Number in brackets indicates a team’s ranking coming into the playday.
Holy Harry (7) — Debowy (8): 1–1
I saw Harry talking to someone about mid Clockwerk, mouthed ‘oh lord no’ under my breath, and opened the Dotabuff for game 1 only to see exactly that — a Phase-Orchid-Aghs mid Clock. Let’s just say it didn’t work out against Takeshi’s TB, who may or may not have ended the game with a score of 24/0/10. Guess what Harry picked game 2? Not Clock mid, and they won the game (shocker!) off the back of another excellent Xela performance, this time on Luna.
Darba (1) — Play (2): 1–1
Denden whipped out the carry Mars once again which I love to see — it feels like he always performs on these innately playmaking oriented heroes, despite his, uh, historic preference for more farm intensive ones. Play also debuted his already infamous Aghs first LC in this match, with the crucial difference from the oft-mentioned scrim being that it did work out this time. Over in game 2, though, we have a slightly odd match in which Play’s draft presumably just didn’t end up working out, and Darba and his team just took over the game.

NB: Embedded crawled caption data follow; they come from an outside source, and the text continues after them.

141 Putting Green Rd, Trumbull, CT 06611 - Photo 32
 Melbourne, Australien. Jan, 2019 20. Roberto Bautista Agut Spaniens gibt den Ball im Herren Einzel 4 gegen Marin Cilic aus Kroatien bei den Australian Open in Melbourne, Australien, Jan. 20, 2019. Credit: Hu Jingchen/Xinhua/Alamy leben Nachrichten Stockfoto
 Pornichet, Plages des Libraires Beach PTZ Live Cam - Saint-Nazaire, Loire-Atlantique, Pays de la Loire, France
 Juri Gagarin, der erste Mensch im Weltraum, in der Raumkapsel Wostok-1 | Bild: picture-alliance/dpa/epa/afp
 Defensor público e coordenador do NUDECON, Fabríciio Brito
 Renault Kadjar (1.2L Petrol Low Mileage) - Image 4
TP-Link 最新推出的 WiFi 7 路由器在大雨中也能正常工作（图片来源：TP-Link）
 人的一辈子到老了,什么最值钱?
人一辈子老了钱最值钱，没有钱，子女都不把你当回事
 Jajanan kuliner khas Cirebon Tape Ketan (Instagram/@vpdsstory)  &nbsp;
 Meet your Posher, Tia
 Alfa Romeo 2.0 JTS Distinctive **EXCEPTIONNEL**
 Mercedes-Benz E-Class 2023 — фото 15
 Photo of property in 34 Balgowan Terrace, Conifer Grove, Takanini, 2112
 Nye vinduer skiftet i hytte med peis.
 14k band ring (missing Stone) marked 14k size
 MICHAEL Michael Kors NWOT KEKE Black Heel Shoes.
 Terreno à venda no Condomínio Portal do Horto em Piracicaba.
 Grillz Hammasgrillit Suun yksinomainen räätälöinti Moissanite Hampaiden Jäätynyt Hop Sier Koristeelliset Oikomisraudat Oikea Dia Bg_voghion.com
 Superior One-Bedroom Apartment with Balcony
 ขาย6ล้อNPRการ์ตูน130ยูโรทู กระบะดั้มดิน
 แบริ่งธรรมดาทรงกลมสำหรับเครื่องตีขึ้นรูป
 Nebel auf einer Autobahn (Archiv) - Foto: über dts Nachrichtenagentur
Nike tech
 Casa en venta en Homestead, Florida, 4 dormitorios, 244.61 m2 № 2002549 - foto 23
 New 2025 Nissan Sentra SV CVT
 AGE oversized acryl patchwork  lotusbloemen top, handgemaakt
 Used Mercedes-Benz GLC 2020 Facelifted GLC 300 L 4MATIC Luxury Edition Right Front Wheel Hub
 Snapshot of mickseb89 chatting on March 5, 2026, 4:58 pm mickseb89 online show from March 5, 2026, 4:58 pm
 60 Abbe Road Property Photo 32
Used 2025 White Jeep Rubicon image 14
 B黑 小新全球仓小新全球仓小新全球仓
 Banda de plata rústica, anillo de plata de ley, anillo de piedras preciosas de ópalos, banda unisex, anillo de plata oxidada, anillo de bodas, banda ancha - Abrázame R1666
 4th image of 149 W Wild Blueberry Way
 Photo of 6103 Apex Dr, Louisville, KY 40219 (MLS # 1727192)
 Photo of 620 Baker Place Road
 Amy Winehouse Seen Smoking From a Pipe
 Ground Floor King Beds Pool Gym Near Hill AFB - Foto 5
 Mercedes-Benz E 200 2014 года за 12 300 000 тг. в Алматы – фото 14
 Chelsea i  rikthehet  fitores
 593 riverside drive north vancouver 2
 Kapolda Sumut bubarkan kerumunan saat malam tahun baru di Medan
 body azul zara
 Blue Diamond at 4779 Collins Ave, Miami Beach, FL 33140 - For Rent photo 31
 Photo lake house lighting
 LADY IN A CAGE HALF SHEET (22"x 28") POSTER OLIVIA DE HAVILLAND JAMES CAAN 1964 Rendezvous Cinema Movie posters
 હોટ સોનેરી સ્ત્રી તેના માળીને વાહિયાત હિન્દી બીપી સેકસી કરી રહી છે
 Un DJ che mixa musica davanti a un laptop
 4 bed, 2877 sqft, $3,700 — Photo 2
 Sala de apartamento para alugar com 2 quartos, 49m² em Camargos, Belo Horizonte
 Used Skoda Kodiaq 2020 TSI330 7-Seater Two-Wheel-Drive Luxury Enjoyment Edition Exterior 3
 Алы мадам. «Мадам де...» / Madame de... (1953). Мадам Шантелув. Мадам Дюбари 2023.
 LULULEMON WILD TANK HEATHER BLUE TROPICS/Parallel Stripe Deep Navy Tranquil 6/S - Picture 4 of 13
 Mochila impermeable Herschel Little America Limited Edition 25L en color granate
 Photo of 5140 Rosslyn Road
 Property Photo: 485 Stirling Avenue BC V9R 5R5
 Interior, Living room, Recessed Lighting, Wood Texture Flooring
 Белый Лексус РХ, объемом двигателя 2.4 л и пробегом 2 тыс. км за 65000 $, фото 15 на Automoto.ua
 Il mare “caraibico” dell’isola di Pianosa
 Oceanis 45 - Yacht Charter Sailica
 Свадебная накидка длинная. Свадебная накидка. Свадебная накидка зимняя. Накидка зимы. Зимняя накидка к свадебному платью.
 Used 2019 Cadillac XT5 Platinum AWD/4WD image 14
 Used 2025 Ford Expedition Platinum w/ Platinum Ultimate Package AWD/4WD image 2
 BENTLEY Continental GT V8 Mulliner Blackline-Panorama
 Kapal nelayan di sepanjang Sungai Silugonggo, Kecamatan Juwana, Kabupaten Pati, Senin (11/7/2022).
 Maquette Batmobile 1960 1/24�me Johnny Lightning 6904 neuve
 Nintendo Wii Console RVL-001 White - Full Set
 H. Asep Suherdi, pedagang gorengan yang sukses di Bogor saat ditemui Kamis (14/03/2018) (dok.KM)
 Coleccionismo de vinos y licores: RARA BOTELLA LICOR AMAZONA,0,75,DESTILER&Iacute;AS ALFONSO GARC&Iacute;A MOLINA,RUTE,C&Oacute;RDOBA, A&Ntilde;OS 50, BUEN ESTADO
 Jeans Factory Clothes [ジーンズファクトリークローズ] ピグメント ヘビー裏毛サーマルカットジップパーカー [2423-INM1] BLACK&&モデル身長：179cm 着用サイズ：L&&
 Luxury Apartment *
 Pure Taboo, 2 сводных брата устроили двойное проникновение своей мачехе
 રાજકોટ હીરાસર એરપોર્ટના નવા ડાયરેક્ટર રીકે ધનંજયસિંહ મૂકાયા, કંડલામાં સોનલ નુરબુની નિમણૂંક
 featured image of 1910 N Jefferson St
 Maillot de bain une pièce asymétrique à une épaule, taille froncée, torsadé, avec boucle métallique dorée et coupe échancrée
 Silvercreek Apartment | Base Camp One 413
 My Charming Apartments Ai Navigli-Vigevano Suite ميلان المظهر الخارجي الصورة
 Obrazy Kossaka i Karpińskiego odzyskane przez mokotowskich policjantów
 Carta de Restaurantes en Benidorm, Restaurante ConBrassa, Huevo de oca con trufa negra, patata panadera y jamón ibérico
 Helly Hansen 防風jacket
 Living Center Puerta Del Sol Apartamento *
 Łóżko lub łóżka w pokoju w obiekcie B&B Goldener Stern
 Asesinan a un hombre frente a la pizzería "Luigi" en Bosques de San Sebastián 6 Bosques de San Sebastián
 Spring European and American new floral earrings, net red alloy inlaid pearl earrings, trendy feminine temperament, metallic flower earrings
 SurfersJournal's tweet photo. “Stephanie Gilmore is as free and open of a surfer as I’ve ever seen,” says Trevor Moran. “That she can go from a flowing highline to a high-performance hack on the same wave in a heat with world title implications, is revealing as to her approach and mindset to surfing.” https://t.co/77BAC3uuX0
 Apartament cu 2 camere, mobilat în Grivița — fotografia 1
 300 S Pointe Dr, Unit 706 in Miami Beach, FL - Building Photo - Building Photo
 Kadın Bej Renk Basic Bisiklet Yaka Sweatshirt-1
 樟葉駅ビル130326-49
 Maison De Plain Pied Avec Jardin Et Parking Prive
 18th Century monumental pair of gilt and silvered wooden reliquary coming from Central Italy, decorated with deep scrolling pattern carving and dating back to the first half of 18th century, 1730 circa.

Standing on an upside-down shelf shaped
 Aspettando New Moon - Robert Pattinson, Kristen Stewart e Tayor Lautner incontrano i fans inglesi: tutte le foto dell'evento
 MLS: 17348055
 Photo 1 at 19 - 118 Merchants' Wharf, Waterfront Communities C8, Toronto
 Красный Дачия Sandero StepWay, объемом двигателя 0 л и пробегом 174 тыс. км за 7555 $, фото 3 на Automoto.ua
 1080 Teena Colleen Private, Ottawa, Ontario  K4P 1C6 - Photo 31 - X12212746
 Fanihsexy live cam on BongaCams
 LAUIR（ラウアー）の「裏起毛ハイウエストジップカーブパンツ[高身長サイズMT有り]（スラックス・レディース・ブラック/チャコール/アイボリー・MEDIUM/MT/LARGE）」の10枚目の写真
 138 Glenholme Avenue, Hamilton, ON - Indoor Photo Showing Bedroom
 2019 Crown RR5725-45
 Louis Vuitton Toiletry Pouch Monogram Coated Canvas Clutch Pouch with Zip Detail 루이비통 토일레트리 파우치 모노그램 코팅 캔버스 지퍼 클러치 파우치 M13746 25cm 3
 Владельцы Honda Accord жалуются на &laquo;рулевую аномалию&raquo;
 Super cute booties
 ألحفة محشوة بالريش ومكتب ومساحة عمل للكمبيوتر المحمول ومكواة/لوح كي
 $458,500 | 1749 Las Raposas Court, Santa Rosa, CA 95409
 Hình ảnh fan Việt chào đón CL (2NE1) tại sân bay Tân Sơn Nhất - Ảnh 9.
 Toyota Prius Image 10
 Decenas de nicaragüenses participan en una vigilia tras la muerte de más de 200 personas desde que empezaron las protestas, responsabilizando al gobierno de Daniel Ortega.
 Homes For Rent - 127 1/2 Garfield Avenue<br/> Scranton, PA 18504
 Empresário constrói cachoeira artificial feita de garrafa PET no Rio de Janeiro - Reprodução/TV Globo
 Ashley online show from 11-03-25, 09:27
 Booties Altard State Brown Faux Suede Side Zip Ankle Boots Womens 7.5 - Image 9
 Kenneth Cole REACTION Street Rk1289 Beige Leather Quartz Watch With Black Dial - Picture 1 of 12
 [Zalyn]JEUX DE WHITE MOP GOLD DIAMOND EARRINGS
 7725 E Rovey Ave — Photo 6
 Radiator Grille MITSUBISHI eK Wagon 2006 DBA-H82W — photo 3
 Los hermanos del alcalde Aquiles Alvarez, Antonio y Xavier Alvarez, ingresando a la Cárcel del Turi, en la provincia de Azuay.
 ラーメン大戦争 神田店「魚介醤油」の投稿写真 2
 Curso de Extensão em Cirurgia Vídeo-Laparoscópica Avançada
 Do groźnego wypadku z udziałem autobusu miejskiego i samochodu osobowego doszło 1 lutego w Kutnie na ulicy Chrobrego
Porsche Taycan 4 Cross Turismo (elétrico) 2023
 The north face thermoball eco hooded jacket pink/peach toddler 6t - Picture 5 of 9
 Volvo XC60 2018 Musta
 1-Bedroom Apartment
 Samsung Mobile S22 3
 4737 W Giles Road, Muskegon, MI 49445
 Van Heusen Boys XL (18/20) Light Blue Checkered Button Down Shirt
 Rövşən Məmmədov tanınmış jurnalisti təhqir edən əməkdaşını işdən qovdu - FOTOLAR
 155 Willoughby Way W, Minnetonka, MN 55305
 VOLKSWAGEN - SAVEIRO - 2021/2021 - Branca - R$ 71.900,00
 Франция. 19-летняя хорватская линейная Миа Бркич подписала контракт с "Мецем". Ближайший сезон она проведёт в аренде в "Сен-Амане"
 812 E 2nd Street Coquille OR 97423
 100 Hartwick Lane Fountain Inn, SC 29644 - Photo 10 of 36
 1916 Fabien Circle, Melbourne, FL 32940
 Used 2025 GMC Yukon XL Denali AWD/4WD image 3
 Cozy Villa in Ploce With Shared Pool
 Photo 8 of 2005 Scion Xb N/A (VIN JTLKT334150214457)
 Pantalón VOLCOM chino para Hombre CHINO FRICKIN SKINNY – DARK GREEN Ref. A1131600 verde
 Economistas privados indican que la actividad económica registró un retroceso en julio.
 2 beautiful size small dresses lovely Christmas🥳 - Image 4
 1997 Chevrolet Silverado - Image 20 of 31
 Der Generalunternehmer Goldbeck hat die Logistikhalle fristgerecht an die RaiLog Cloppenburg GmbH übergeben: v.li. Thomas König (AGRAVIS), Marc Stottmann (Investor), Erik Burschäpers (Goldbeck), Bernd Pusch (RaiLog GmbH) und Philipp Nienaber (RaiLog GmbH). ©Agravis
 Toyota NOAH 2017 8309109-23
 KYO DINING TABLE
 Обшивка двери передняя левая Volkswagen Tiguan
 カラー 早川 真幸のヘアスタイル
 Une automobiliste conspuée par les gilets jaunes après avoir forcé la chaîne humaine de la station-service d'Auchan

Joll (11) — Kimer (5): 0–2
While my prediction hinged on Joll’s team carrying their prior momentum forward, Kimer’s squad wanted to hear none of it. A firstpick Boelens Lycan, a lane win from Kimer’s Centaur, and a dominant performance from Nils on WD closed out a quick win, and they weren’t going to let up afterwards, with Boelens and DmWp putting in a shift on PA and Troll to seal a 2–0 in less than an hour of playtime.
Severe (10) — Brainy Gonzo (4): 0–2
Mom they let Gonzo first phase Dusa again, waah; another somewhat short series in which Severe’s team didn’t end up having much of a say, as Swag did what he needs to — carry his team.
Thronplunder (12) — exZ (9): 1–1
A change of pace with a slightly longer series than usual for this week, game 1 saw plenty of back-and-forth, but Szajtek did what he does best on his Luna — waited to take a good fight and then ended the game. Game 2 was just as close, with swings up and down, but perhaps lacking the building hitting capability they had in game 1, Thron’s team didn’t manage to close out the game after won fights, with the map ultimately being split up by a Nullagon Furion and exZ and his team eeking out the win.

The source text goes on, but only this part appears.